Fort heureusement, il y a de plus en plus de jeunes dramaturges qui émergent et qui publient des pièces de théâtre qui sont inspirées des types de créations de l’Europe ou des grands dramaturges africains comme Sony Labou Tansi. Il faut saluer ce que fait le concours «Plumes Dorées» qui a déjà fait la promotion de trois voire quatre générations de jeunes auteurs dramatiques, et à chaque fois que le concours est réservé au théâtre, il y a cinq dramaturges, parfois sept qui sont primés. «Plumes Dorées» fait aussi la promotion des jeunes femmes, auteurs dramatiques. En dehors de cela,  il y a quelques jeunes dramaturges issus du Département de Lettres Modernes qui écrivent, comme Fernand Nouwligbeto, Florent Eustache Hessou, Hermas Gbaguidi, Daté Atavito Barnabé-Akayi. En résumé, le théâtre par rapport à la période 1990 à 2000 est dans une phase de tassement quand on considère les activités des troupes, en dehors des troupes de spectacles populaires. Mais par rapport aux pièces écrites publiées, il y a l’émergence d’une relève de qualité, portée par de jeunes auteurs qui s’inspirent des réalitéssociopolitiques et culturelles de  leur environnement pour créer des œuvres sur des thèmes d’actualités parfois osés comme: l’homosexualité, les relations intimes entre élèves et professeurs, la satire des nouveaux pouvoirs politiques.

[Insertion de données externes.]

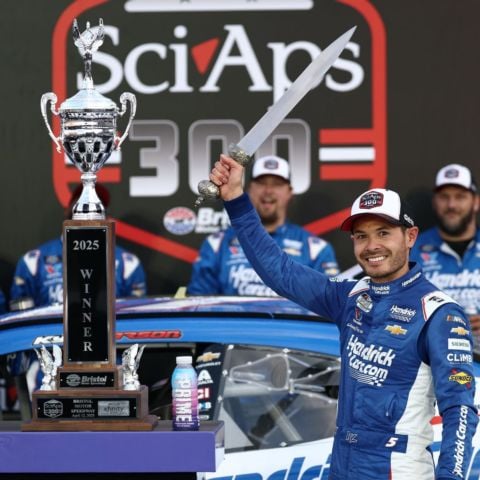 Defending Cup Series champion Kyle Larson is returning to Bristol Motor Speedway to defend his O'Reilly Auto Parts Series victory from one year ago.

Quels sont les réels problèmes dont souffre le théâtre béninois? Que faire pour les résoudre?

Le théâtre béninois souffre d’un problème lié au public. Au cours des festivals le public béninois ne sort pas pour suivre les spectacles. On a un public restreint, composé des journalistes culturels (envoyés par leurs directeurs de publication ou chefs de rubrique), des acteurs culturels et d’un nombre infime de spectateurs. Il y a la nouvelle forme de théâtre qu’on note chez la Compagnie de Sèmako Wobaho. La compagnie propose des spectacles qui sont gravés sur des supports VCD et DVD. C’est une nouvelle forme de spectacles qui attirent le public des quartiers populaires. Chaque famille se rassemble autour de la télévision pour regarder ces images sur DVD. Mais la question pose un problème de terminologie. Peut-on appeler cette forme de théâtre du théâtre? Je parlerai plutôt de spectacle. Avec cette nouvelle forme, la population béninoise ne se déplace plus pour suivre les spectacles, elle se contente des images sur DVD pour se distraire. Ainsi, les salles de spectacles sont fermées. Au Bénin le théâtre ne draine pas autant de monde que la musique. Je n’ai pas la solution qu’il faut pour résoudre ce problème.